Aksi Mahasiswa di Mabes Polri dan Ancaman Demo Besar
Setelah menggelar aksi di Mabes Polri, Jakarta Selatan (Jaksel) pada hari Jumat (28/2), elemen mahasiswa memberi peringatan bahwa mereka akan kembali melakukan demo dengan jumlah peserta yang lebih besar. Polda Metro Jaya telah menyatakan siap memberikan ruang dan mengawal aksi tersebut.
Kabid Humas Polda Metro Jaya, Kombes Budi Hermanto, menjelaskan bahwa pihaknya memahami bahwa aksi massa oleh mahasiswa dilindungi oleh undang-undang (UU). Oleh karena itu, Polda Metro Jaya akan terus menyiapkan personel untuk mengawal dan mengamankan setiap jalannya aksi.

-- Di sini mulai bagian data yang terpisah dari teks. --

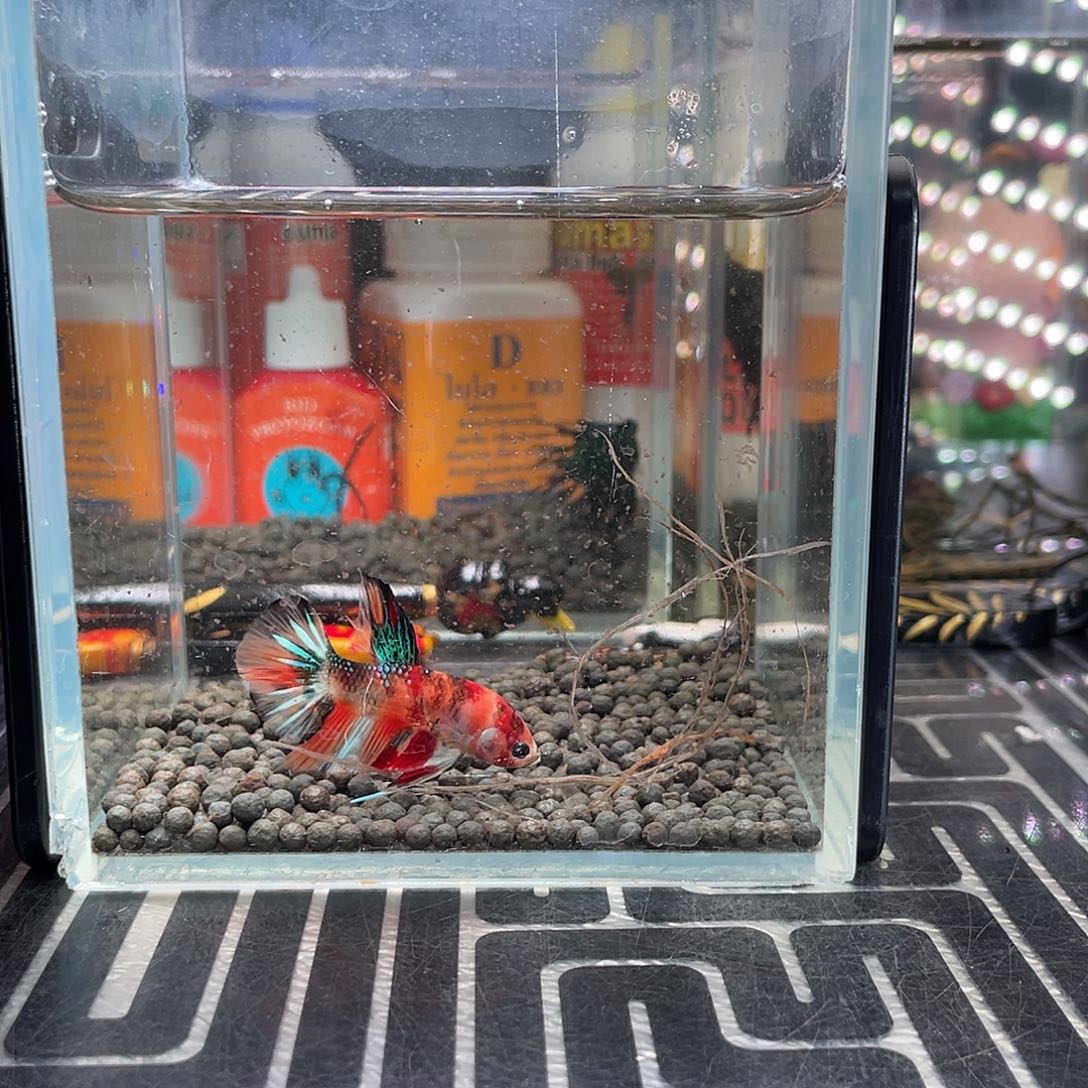 斗鱼4号126早糖果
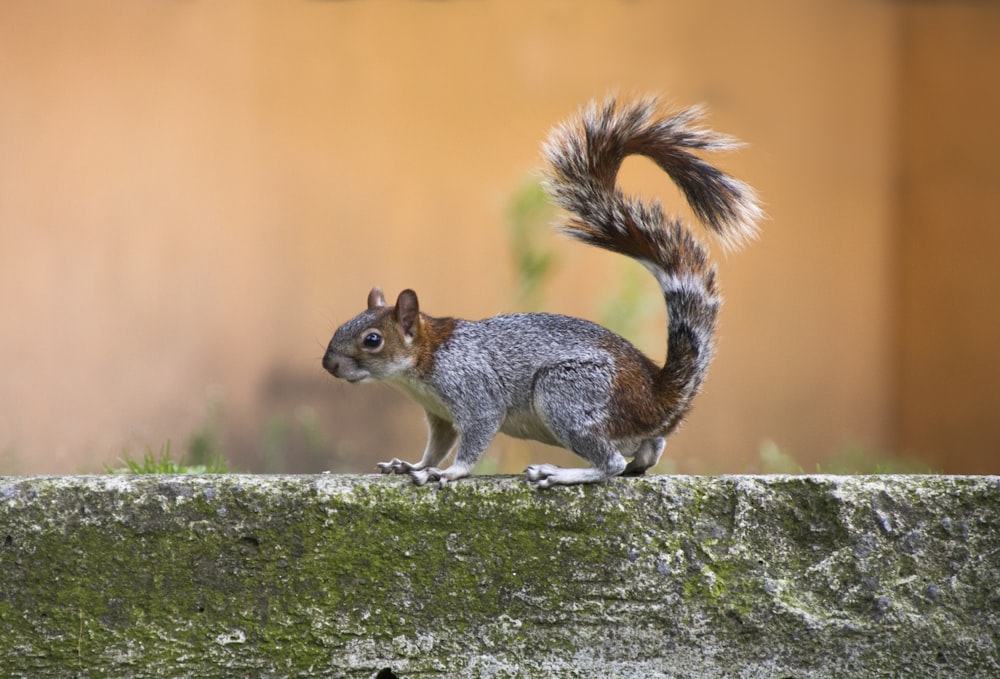 brown squirrel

”Kami siap untuk melakukan pelayanan pengamanan terhadap seluruh masyarakat ataupun komponen yang menyampaikan aspirasi di muka publik. Itu karena dilindungi oleh undang-undang,” ujar Budi kepada awak media.
Budi mengapresiasi karena aksi demo kemarin tidak sampai merusak fasilitas umum dan tidak terjadi benturan. Dia juga menyatakan bahwa polisi akan terus menjalankan tugas dengan mengedepankan pendekatan humanis, pelayanan, dan pengamanan maksimal.
”Kita menyaksikan secara bersama bahwa pelaksanaan dengan pelayanan, pengamanan, dilaksanakan mengedepankan perlindungan, mengedepankan sisi yang humanis serta memperhatikan hak asasi manusia,” kata dia.
Pendekatan ini dilakukan meski dalam aksi demo kemarin ada mahasiswa yang memaki-maki personel Polri. Bahkan, Budi menyebutkan bahwa ada demonstran yang menuliskan kata-kata tidak pantas pada syal salah seorang polisi wanita (polwan) di lokasi demo.
”Kami mengajak bahwa kegiatan penyampaian aspirasi, apalagi di bulan suci Ramadhan, ada norma dan etika yang harus kita jaga. Bagaimana kita menghormati bagi masyarakat yang melaksanakan ibadah puasa, walaupun ada hasrat yang ingin disampaikan dalam penyampaian aspirasi,” ujarnya.
Dalam aksi demo yang dilaksanakan oleh sejumlah elemen mahasiswa tersebut, disampaikan beberapa aspirasi. Pertama, mendesak hukuman pidana seberat-beratnya kepada personel Polri yang melanggar hukum, khususnya dalam insiden yang menewaskan pelajar MTs Arianto Tawakal.
Kedua, mendesak pencopotan Jenderal Polisi Listyo Sigit Prabowo dari jabatan kapolri dan Irjen Dadang Hartanto dari jabatan kapolda Maluku. Ketiga, menuntut pembebasan seluruh tahanan politik. Keempat, menuntut penegasan batasan kewenangan dalam penarikan Polri dalam jabatan sipil.
”Kami massa aksi tidak dapat menemui kapolri. Kami dikecewakan sekali lagi. Aspirasi-aspirasi yang kami suarakan tidak lagi didengar oleh mereka. Maka kami akan kembali pada esok hari dalam kekuatan-kekuatan yang lebih besar, dalam aksi-aksi yang lebih besar dan lebih masif,” kata perwakilan massa aksi.